Skip to content

fix(hermes-agent): isolate per-call state via ContextVar to fix concurrent trace corruption#184

Open
RichardoMrMu wants to merge 1 commit intoalibaba:mainfrom
RichardoMrMu:fix/hermes-step-concurrency-contextvars
Open

fix(hermes-agent): isolate per-call state via ContextVar to fix concurrent trace corruption#184
RichardoMrMu wants to merge 1 commit intoalibaba:mainfrom
RichardoMrMu:fix/hermes-step-concurrency-contextvars

Conversation

@RichardoMrMu
Copy link
Copy Markdown

Summary

opentelemetry.instrumentation.hermes_agent.helpers.state(instance) currently stores its per-call telemetry state on the agent instance itself (instance._otel_hermes_state). When the same AIAgent instance is shared across concurrent calls — e.g. a TUI with multiple tabs, parallel subagents, or any code driving one AIAgent from multiple coroutines/threads — the concurrent calls share the same dict and overwrite each other's current_step_invocation, pending_step_finish_reason, token counters and last-response metadata.

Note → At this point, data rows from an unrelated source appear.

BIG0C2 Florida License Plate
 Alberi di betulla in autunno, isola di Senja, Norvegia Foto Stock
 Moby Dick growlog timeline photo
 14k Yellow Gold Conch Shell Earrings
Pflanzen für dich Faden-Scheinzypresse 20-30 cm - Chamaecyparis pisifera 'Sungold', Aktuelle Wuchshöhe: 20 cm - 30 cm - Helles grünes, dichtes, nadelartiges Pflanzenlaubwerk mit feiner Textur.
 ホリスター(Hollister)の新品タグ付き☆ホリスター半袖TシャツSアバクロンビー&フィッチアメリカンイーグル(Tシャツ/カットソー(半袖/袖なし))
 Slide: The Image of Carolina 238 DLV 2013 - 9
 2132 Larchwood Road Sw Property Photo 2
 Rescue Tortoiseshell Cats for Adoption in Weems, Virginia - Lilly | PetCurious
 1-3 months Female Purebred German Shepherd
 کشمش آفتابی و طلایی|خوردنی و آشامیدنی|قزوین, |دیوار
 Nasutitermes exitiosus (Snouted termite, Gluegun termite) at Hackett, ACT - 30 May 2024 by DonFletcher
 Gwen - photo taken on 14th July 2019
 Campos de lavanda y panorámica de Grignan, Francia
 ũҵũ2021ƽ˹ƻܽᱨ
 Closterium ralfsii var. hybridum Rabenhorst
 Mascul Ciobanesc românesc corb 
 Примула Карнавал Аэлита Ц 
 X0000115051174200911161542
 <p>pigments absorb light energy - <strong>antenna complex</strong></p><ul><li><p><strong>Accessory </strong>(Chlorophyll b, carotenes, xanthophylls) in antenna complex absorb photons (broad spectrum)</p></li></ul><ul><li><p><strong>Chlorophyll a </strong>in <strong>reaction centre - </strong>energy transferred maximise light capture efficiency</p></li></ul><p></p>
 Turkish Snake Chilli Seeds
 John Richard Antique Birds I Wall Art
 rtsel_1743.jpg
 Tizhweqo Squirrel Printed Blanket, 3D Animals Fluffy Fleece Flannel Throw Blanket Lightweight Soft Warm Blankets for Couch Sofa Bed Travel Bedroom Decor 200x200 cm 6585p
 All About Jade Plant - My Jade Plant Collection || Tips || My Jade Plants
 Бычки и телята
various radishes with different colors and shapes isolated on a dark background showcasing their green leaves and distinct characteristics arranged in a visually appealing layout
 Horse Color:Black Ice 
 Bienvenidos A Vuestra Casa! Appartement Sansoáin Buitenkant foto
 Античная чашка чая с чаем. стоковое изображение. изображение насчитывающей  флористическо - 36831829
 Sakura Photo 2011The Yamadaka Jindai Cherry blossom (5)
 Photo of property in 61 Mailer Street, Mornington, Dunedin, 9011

This causes silent corruption of the produced traces:

  • React-step spans are leaked (never closed) when a sibling call overwrites current_step_invocation before the original step is finished.
  • Token usage is mixed across concurrent invocations (one invoke_agent may show input_tokens=0 because a sibling cleared the counter).
  • last_response_id / last_response_model may be attributed to the wrong invocation.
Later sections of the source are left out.